Une courte pièce poétique (60 pages), mais que j'ai eu du mal à lire, et du mal à finir. Ce n'est pas un dialogue philosophique entre un âne philosophe, et le philosophe
Kant, mais un monologue, il n'y a pas d'interruption dans le récit. Je devrais dire plutôt dans le poème, mais il se présente sous une forme très monolithique, quelques rares sections qui donnent des titres et organisent un peu les idées, mais pas de strophes, pas de retour à la ligne. J'adore Hugo quand il joue avec talent sur la longueur des vers, sur les sonorités, sur les rimes, alternant la taille des
poèmes... Ici, c'est presque un bloc unique d'alexandrins - ou quasiment, avec des rimes, oui, mais sans virtuosité du langage. J'ai noté toutefois une fin de vers où il faut nommer la lettre "Y" pour la faire rimer, ce qui m'a fait sourire... Oui, j'ai aussi été vite dépassée par la somme, qui assomme, des noms propres (savants, théologiens, physiciens, écrivains...), même si c'est une volonté délibérée de Hugo, le lecteur est comme le collégien, abruti par ce qu'il ne maîtrise pas.

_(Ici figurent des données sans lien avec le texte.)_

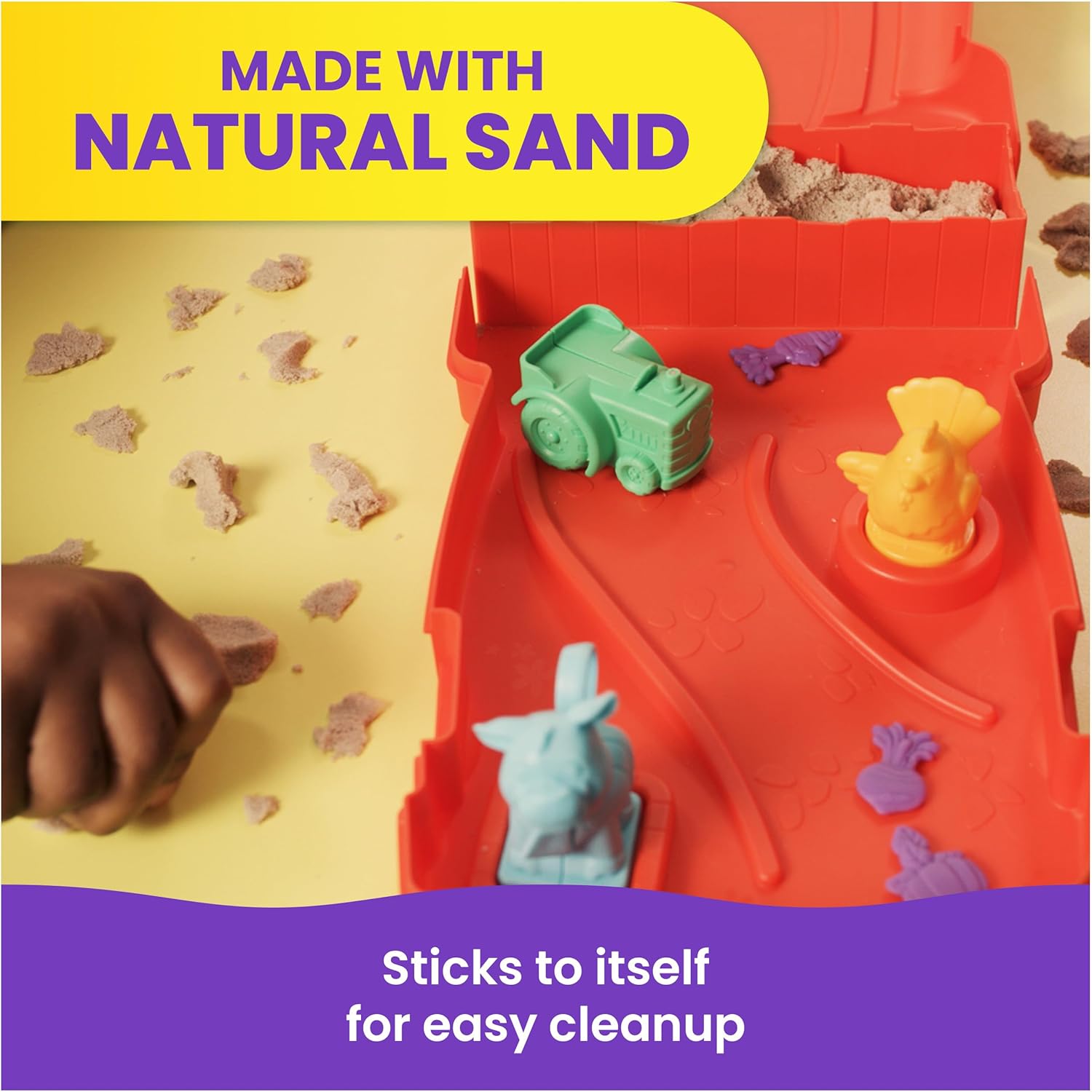 Kinetic Sand Set De Joaca Ferma De Animale Spm6072781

Au-delà de la forme qui m'a un peu découragée - j'ai dû lire tout d'un coup, je ne suivais plus si j'arrêtais ma lecture, sur le fond, on retrouve des obsessions de Hugo, mais sans qu'il soit présent par un "Je", ce qui est plutôt rare. L'Âne est évidemment son porte-parole, condamnant les prêtres mais adorant le Christ, admirant
Shakespeare,
Molière et
Voltaire, célébrant les beautés de la nature, critiquant les doctes pédagogues qui abrutissent en transmettant un savoir par coeur plutôt que de faire réfléchir, et donc forment des imbéciles - une critique sévère pour moi qui suis professeure, même si je n'enseigne pas comme les maîtres de latin du XIXème siècle...
On retrouve aussi la critique de la foule, incapable de reconnaître le génie, l'homme exceptionnel - j'ai d'ailleurs pensé aux Contemplations, mais surtout à
Baudelaire avec "
l'Albatros". Enfin, c'est une charge violente contre l'hypocrisie de la société, qui entasse des savoirs inutiles mais sans résoudre les problèmes de la société, la faim, la pauvreté - et on retrouve l'auteur des Misérables...
Dense, très dense, j'aurais dû passer beaucoup plus de temps sur certaines pages pour bien maîtriser les idées, mais la forme ne m'a pas séduite.